Behind another MVP performance from star quarterback Patrick Mahomes, the Chiefs erased a 10-point halftime deficit to topple the Eagles 38-35 in Super Bowl 57. Mahomes tamed a sore right ankle he re-injured in the second quarter and completed 21 of 27 passes for 182 yards with three touchdowns and added 44 yards on the ground. He also had to overcome a valiant effort from Eagles quarterback Jalen Hurts, who gained 374 total yards and four total touchdowns.
This marks the second Lombardi Trophy for Chiefs coach Andy Reid and the third in franchise history
Super Bowl Central: Super Bowl 57 odds, Eagles-Chiefs matchups, stats and more
Here are the winners and losers from Super Bowl 57.
He’s not the G.O.A.T. (yet) but Patrick Mahomes is breaking the NFL
This is like watching Michael Jordan in his prime. Patrick Mahomes is 27. He’s on a team-friendly contract. In the five seasons he has been starter, the Chiefs have made it at least to the AFC title game. As long as Mahomes is under center, this will be the standard.
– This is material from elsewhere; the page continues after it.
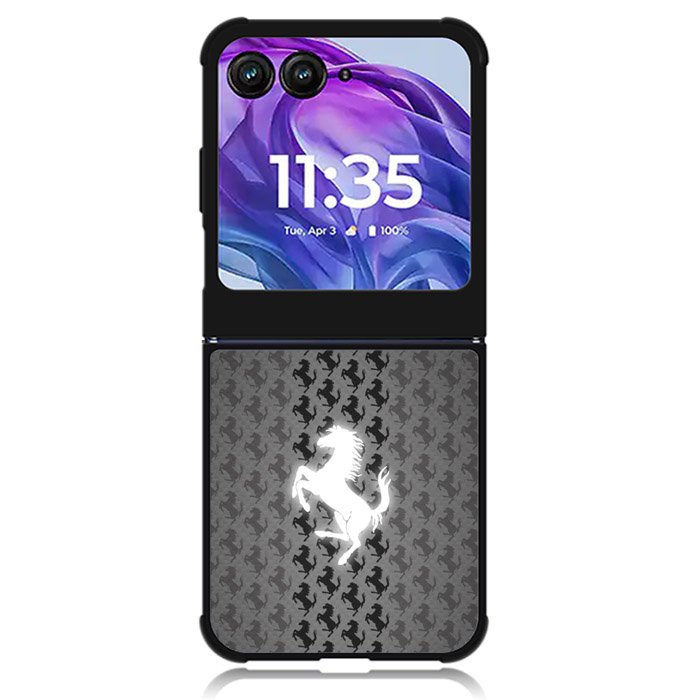 Glow Horse Ferrari Motorola Moto Razr Plus 2024 , Moto Razr+ 2024 Case OV4934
He won his second Super Bowl MVP days after he won his second league MVP.
Mahomes had his right ankle injury reaggravated late in the second quarter when Eagles linebacker T.J. Edwards fell on it as he dragged him to the turf. Ho hum. All Mahomes did after the injury was complete 13 of 14 passes for 93 yards and a pair of scores. As if that wasn’t enough, with 2:55 left to play in a tie game, he outran the Eagles defense on a 26-yard scramble that set up the game-winning field goal.
Offensive genius of Andy Reid and Eric Bieniemy
According to ESPN Stats, teams going into halftime with a lead of double digits entered Sunday with a 26-1 record in Super Bowl history. The Chiefs became the second team to overcome that, and it’s thanks mostly to head coach Andy Reid and offensive coordinator Eric Bieniemy. Let’s start with the pair of touchdowns to start the fourth quarter that gave Kansas City the lead and eventually extended it.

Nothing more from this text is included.